──────── SUPPLIED MATERIAL ────────
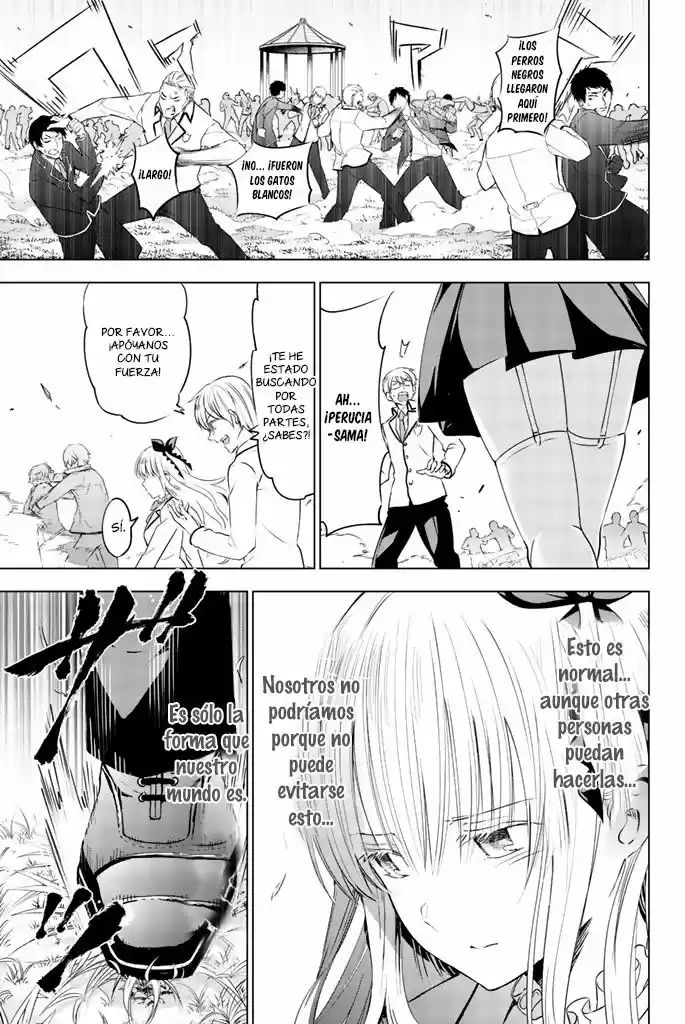 Kishuku Gakkou no Juliet (2015) - Capítulo 26 - Página 44 - LectorTMOo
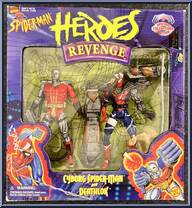 Heroes Revenge Action Figure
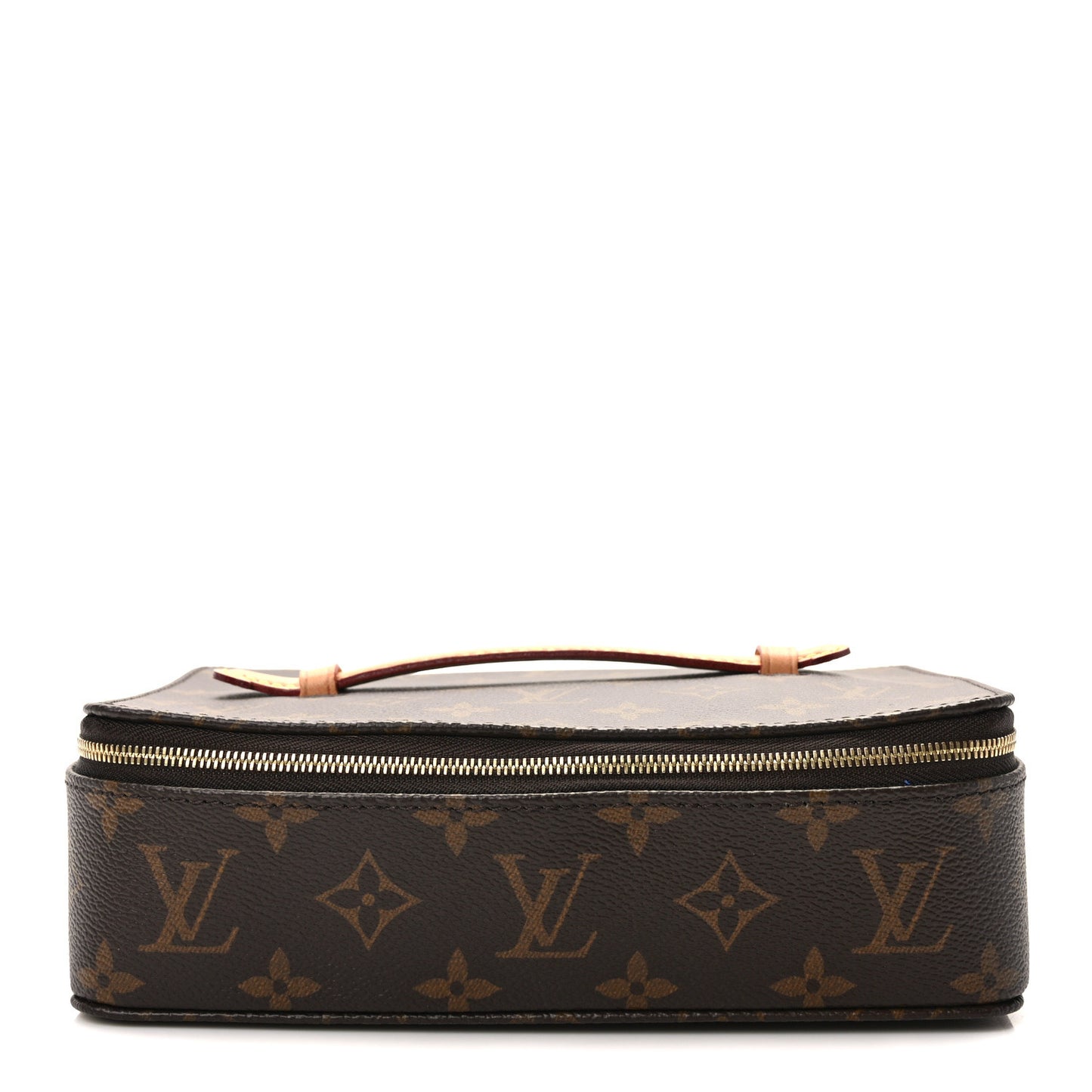 Monogram Nice Jewelry Case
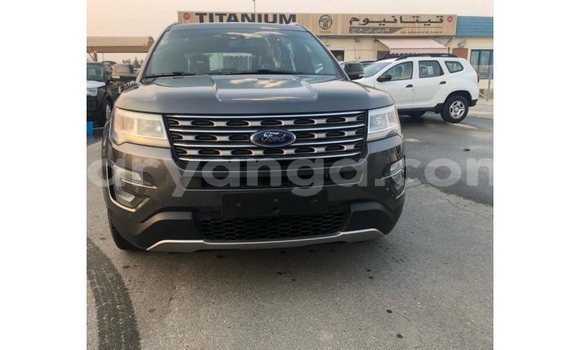 Acheter Import Voiture Ford Explorer Autre à Import - Dubai, Malawi Acheter Import Voiture Ford Explorer Autre à Import - Dubai, Malawi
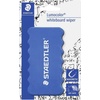 Staedtler Staedtler Whiteboard Tafelwischer Lumocolor whiteboard wiper 652 (B x H) 107mm x 57mm Blau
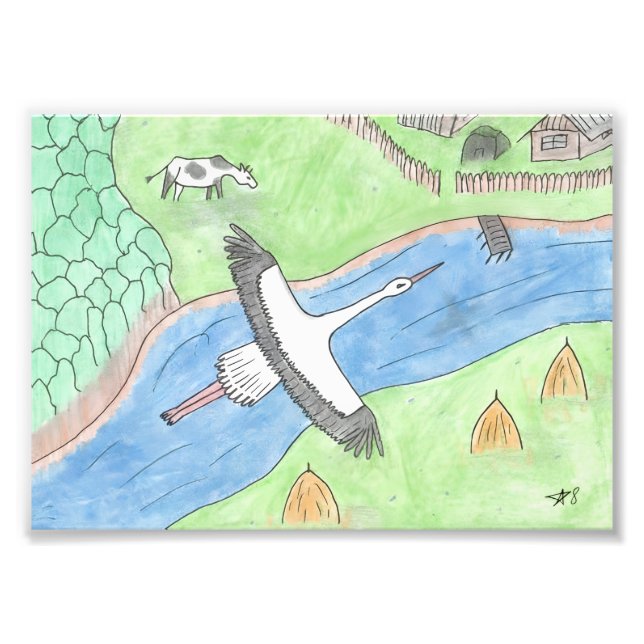 Foto "Rustic motifs" (Frente)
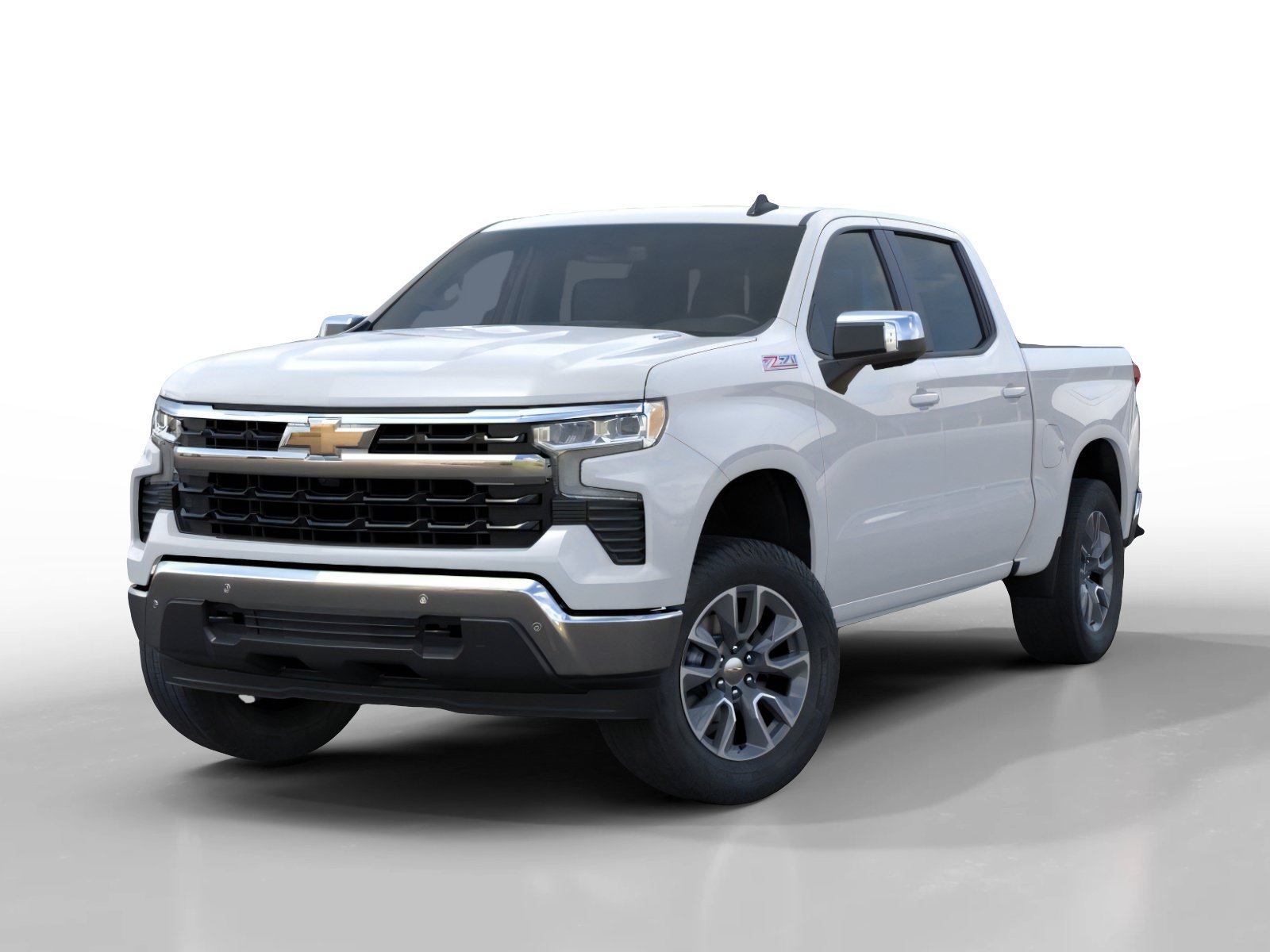 New 2026 Chevrolet Silverado 1500 LT w/ All Star Edition Plus AWD/4WD image 8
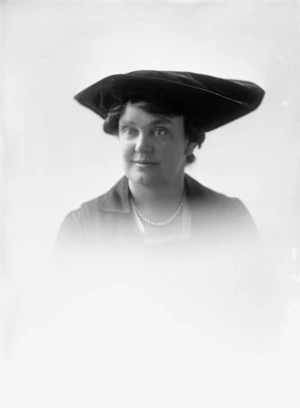 Lady Florence Gwendoline Jellicoe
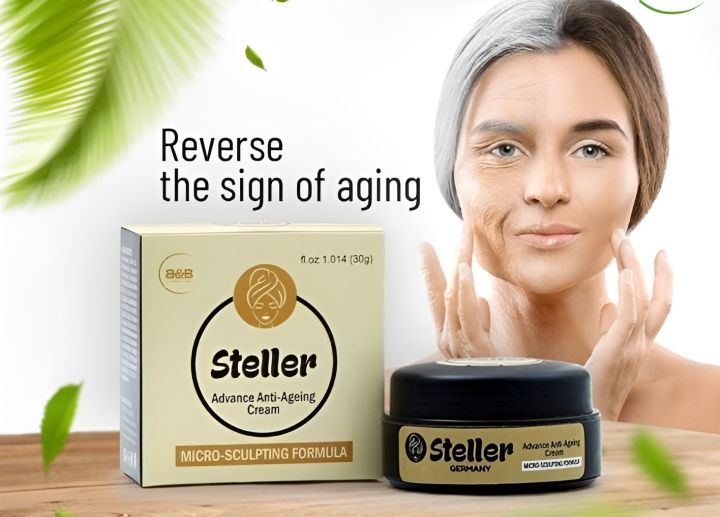 Steller Germany  B&B Advance anti Aging Cream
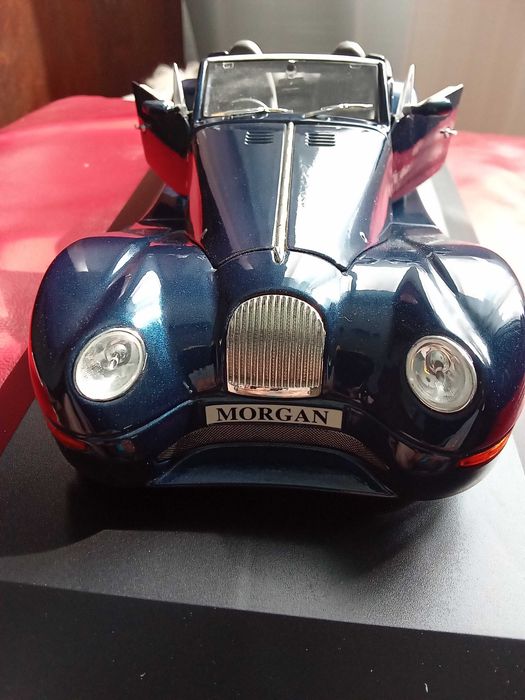 Модель авто Morgan t8 Aero 1.18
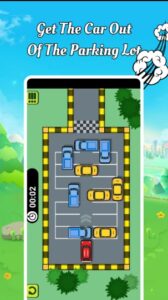 Screenshot Car Escape :Garage Manager Mod APK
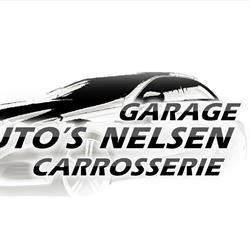 Garage - carroserie L. Nelsen - Wauters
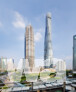 1. Preis: Gensler, Tongji Architectural Design (Group) Co., Ltd., Shanghai
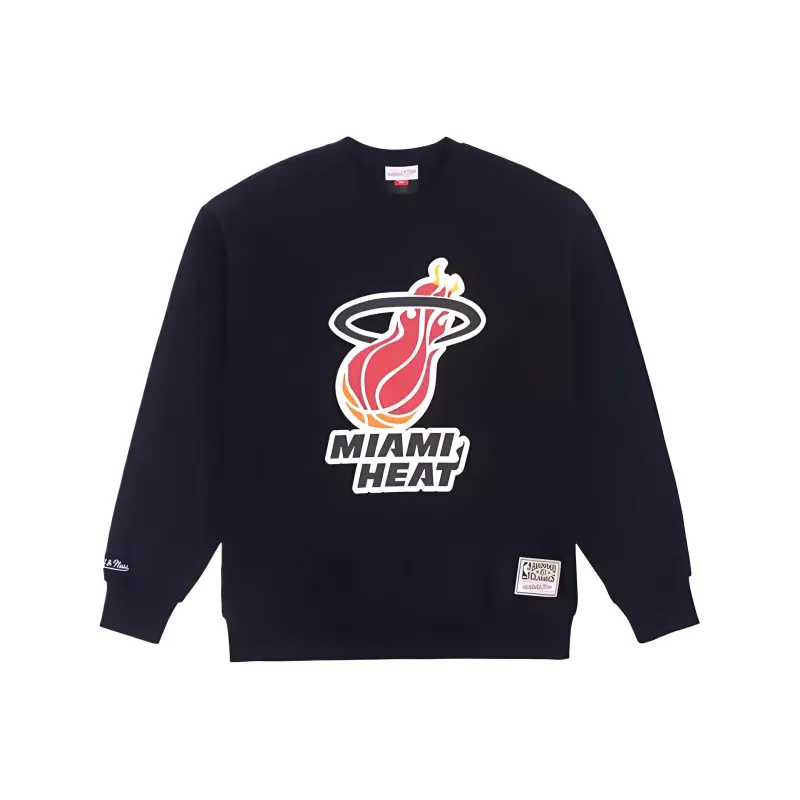 Mitchell & Ness SS23 Sweatshirt Unisex-12
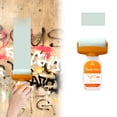 thumbnail image 4 of Vaidha Roller Brush For Wall Repairs 2 In 1 Wall Repair Roller Brush With Wall Repair Paste Paint Roller For Wall Repairs Paint Roller Tool For Wall Repairs, 4 of 5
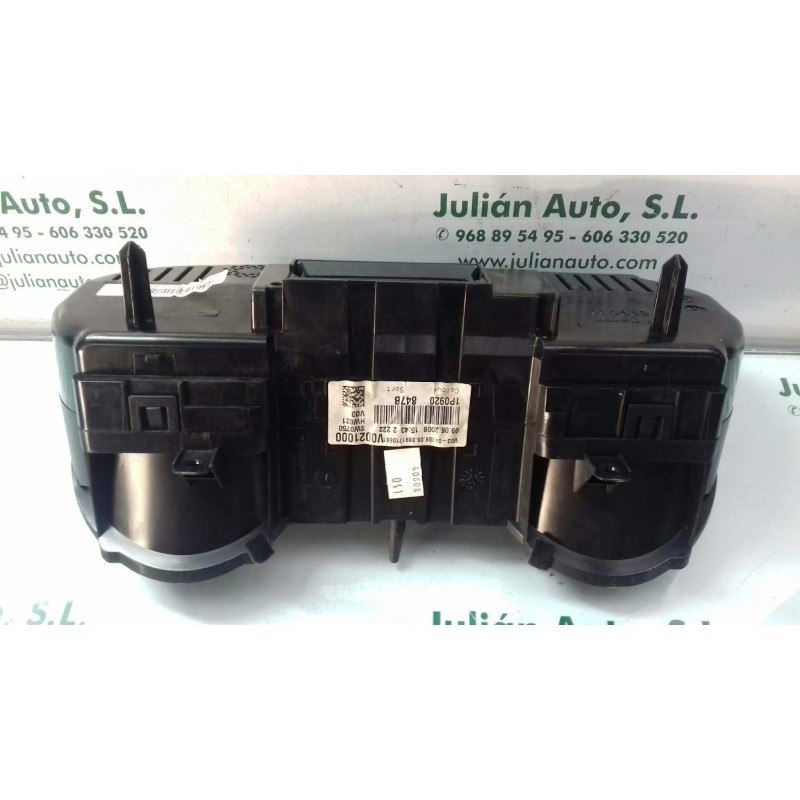 Recambio de centralita motor uce para seat leon (1p1) stylance / style referencia OEM IAM 03G906021SC 0281014422 KIT - BOSCH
────────
== WORK ORDER ==
Would you reproduce the lines above exactly, without carrying over the pictures?

== WRITTEN SOLUTION ==
 Kishuku Gakkou no Juliet (2015) - Capítulo 26 - Página 44 - LectorTMOo
 Heroes Revenge Action Figure
 Monogram Nice Jewelry Case
 Acheter Import Voiture Ford Explorer Autre à Import - Dubai, Malawi Acheter Import Voiture Ford Explorer Autre à Import - Dubai, Malawi
 Staedtler Staedtler Whiteboard Tafelwischer Lumocolor whiteboard wiper 652 (B x H) 107mm x 57mm Blau
 Foto "Rustic motifs" (Frente)
 New 2026 Chevrolet Silverado 1500 LT w/ All Star Edition Plus AWD/4WD image 8
 Lady Florence Gwendoline Jellicoe
 Steller Germany  B&B Advance anti Aging Cream
 Модель авто Morgan t8 Aero 1.18
 Screenshot Car Escape :Garage Manager Mod APK
 Garage - carroserie L. Nelsen - Wauters
 1. Preis: Gensler, Tongji Architectural Design (Group) Co., Ltd., Shanghai
 Mitchell & Ness SS23 Sweatshirt Unisex-12
 thumbnail image 4 of Vaidha Roller Brush For Wall Repairs 2 In 1 Wall Repair Roller Brush With Wall Repair Paste Paint Roller For Wall Repairs Paint Roller Tool For Wall Repairs, 4 of 5
 Recambio de centralita motor uce para seat leon (1p1) stylance / style referencia OEM IAM 03G906021SC 0281014422 KIT - BOSCH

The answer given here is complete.